Problem to work on:
The answer must consist solely of the lines below starting at the one containing "NEW Talbots womens" and ending at the one containing "风景,海岸,桥,1号公路,大,加利福尼亚,美国", repeated exactly, with both ends included and all pictures omitted.

Data section:
★ ★ ★ ★ ★ ★ ★

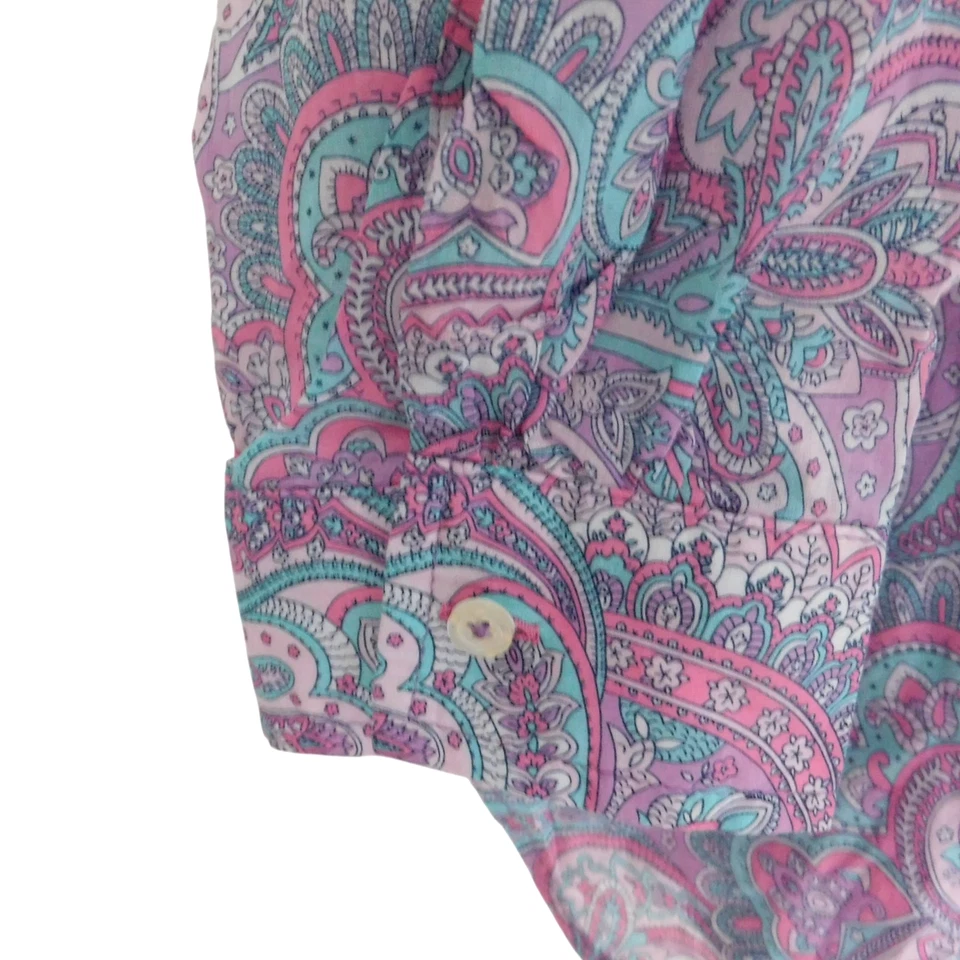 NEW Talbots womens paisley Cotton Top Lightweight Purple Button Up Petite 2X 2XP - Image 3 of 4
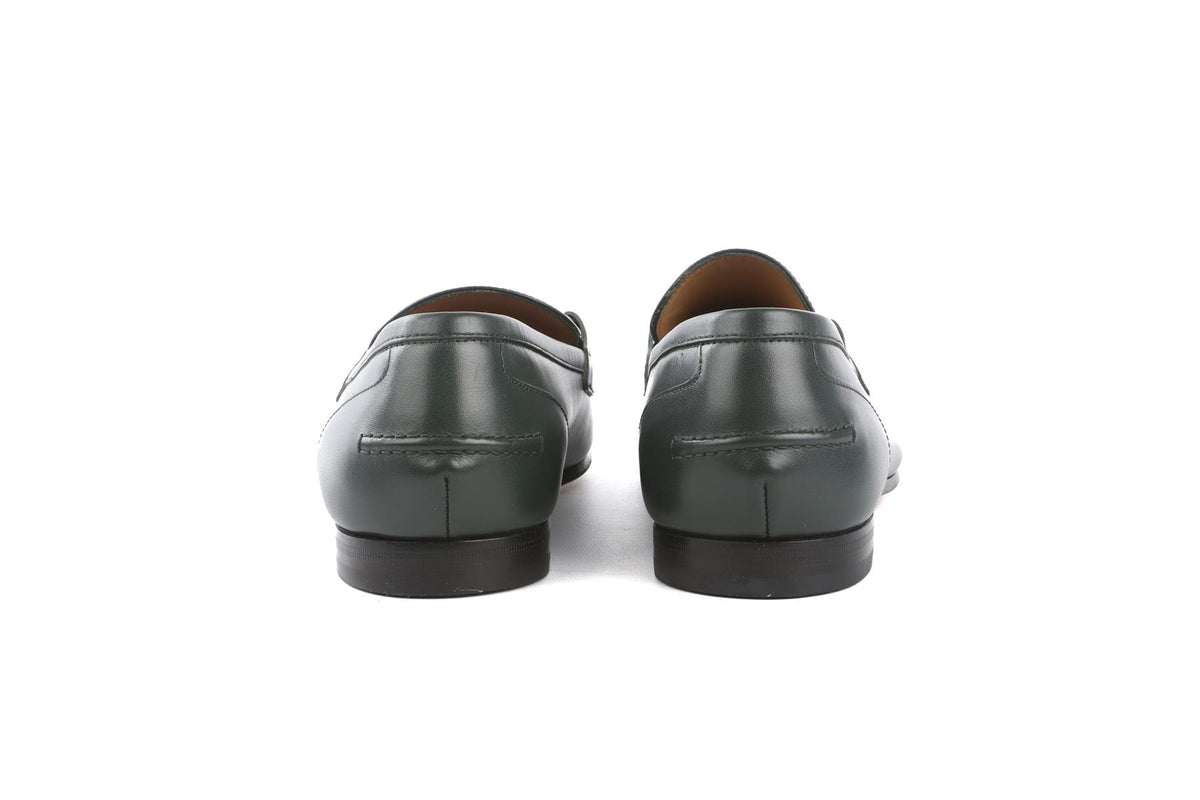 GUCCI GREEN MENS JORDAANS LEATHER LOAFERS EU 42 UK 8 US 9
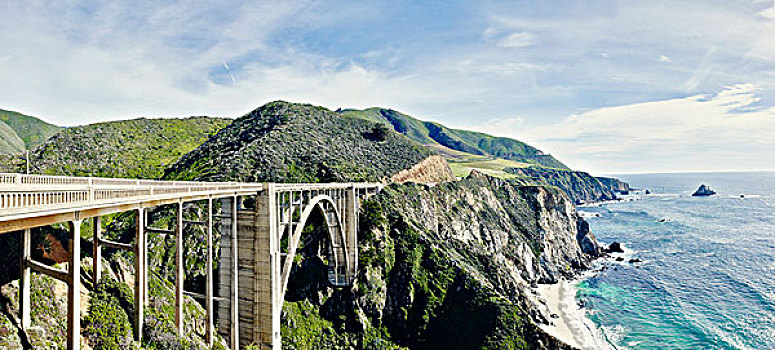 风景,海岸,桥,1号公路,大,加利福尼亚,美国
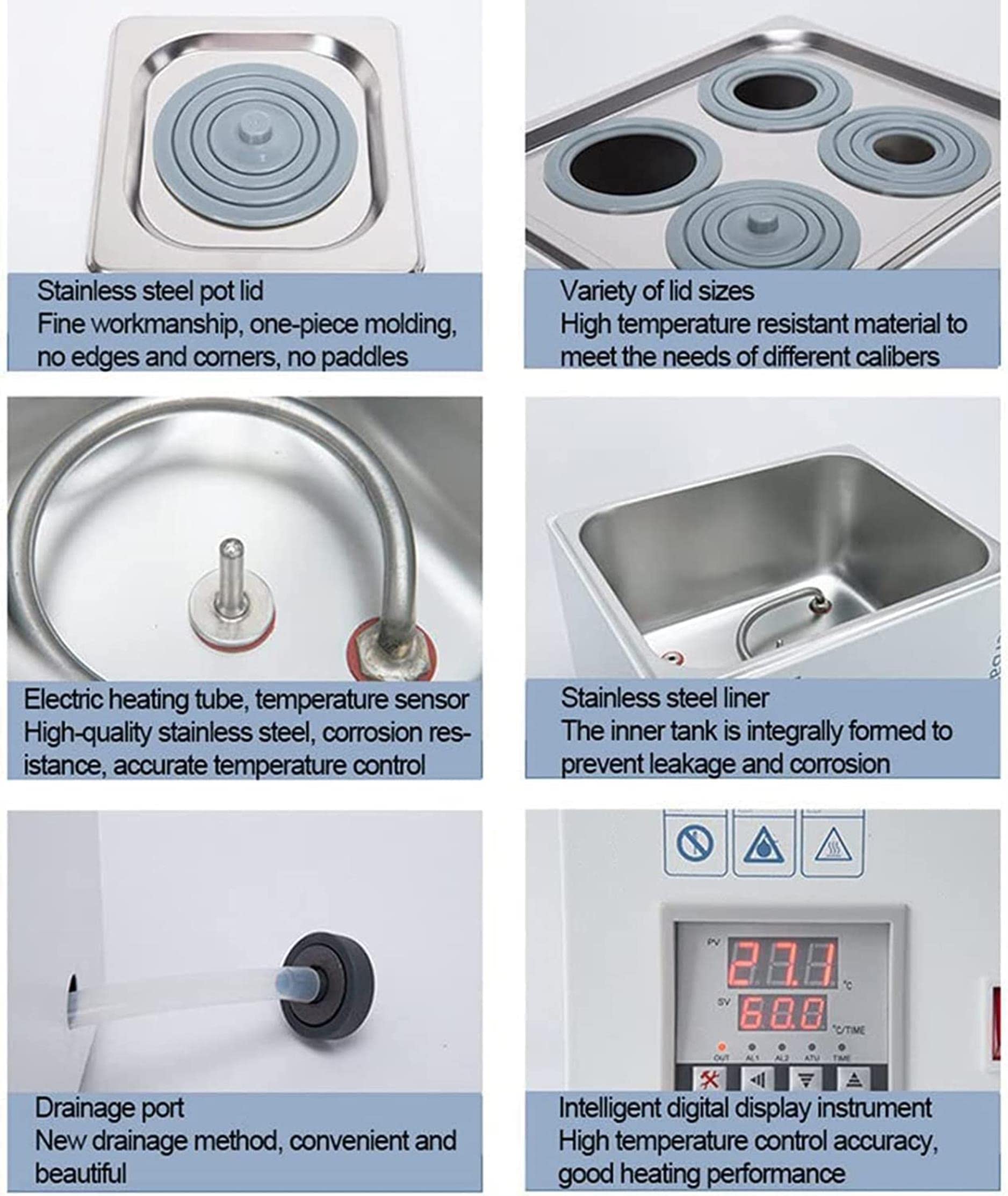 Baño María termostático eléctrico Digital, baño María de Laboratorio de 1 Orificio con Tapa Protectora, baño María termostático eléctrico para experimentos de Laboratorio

★ ★ ★ ★ ★ ★ ★

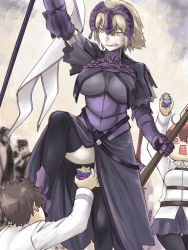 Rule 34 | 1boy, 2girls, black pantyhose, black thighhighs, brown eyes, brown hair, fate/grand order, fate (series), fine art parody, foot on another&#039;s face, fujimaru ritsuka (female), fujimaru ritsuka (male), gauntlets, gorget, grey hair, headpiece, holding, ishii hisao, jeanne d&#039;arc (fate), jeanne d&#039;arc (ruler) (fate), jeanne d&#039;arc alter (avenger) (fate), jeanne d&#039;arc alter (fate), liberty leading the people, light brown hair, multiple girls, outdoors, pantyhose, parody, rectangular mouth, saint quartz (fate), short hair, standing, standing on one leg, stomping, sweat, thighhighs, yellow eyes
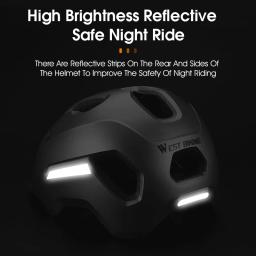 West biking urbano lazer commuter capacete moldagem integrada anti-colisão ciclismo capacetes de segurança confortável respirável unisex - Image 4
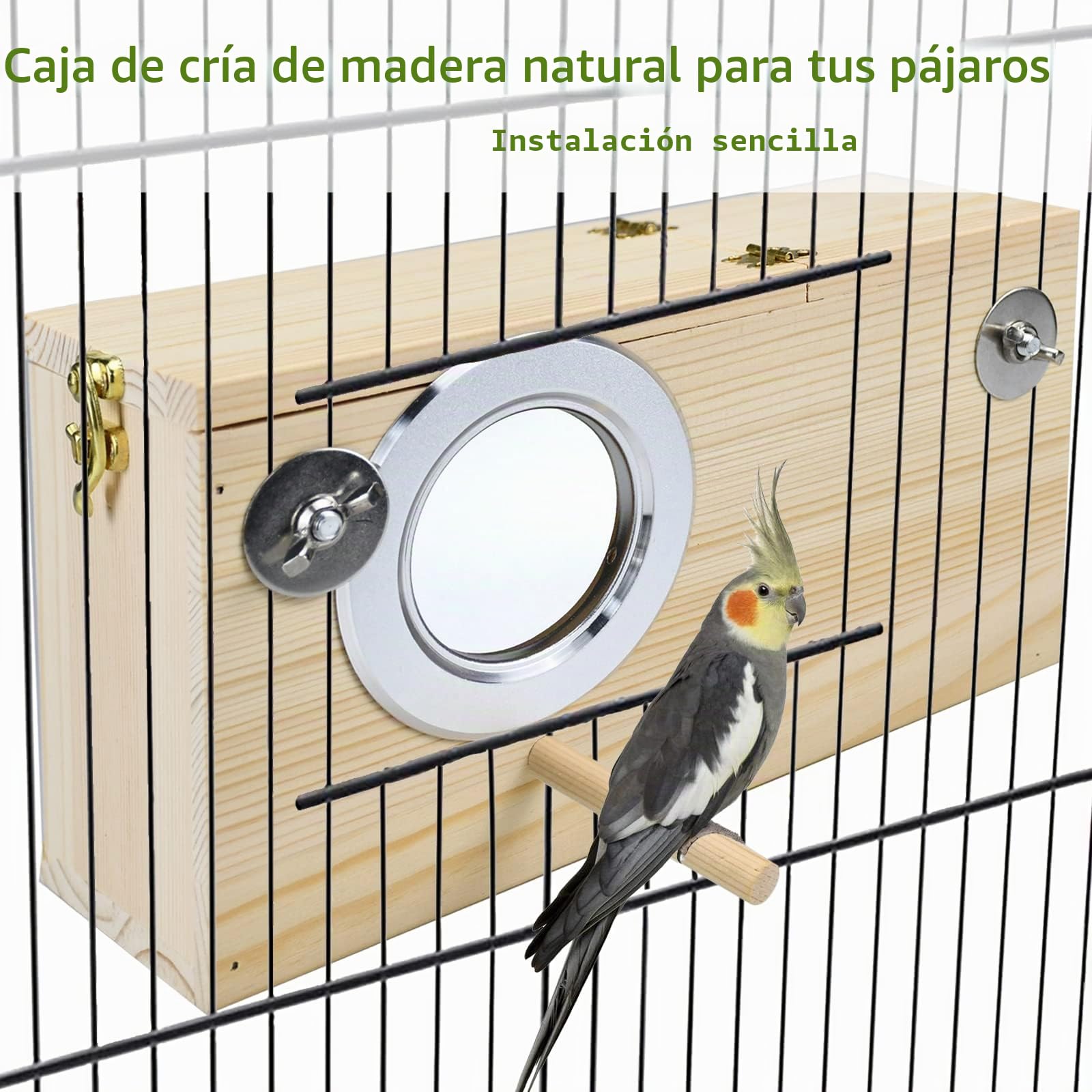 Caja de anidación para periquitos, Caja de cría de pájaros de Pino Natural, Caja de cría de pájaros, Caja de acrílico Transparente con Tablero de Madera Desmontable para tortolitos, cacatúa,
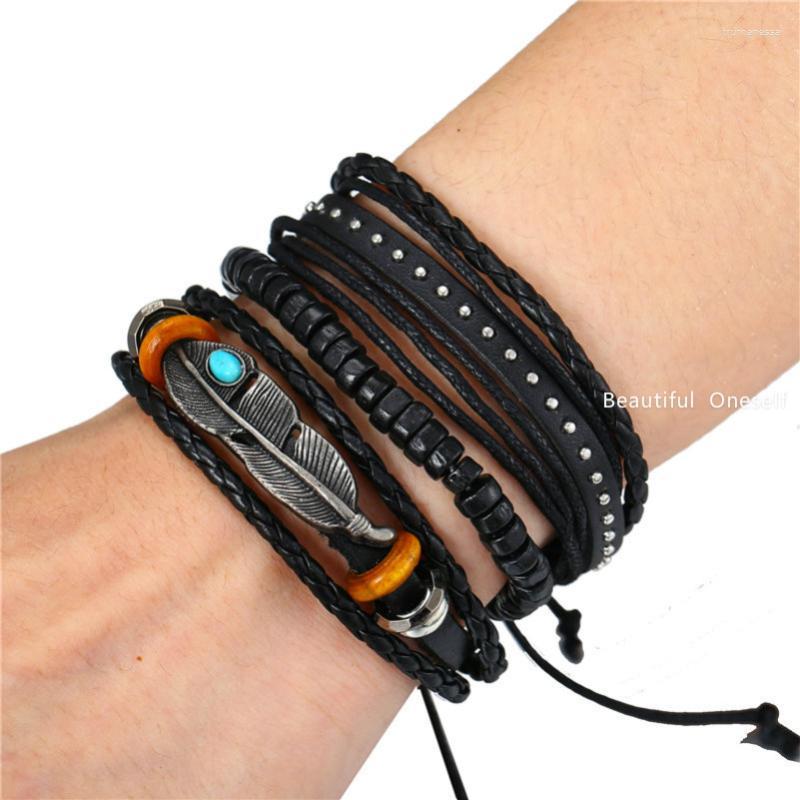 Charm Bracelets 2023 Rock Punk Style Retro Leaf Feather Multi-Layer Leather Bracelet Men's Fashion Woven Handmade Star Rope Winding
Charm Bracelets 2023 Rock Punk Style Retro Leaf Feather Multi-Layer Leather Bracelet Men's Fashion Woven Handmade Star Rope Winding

★ ★ ★ ★ ★ ★ ★

Output below:
 NEW Talbots womens paisley Cotton Top Lightweight Purple Button Up Petite 2X 2XP - Image 3 of 4
 GUCCI GREEN MENS JORDAANS LEATHER LOAFERS EU 42 UK 8 US 9
 风景,海岸,桥,1号公路,大,加利福尼亚,美国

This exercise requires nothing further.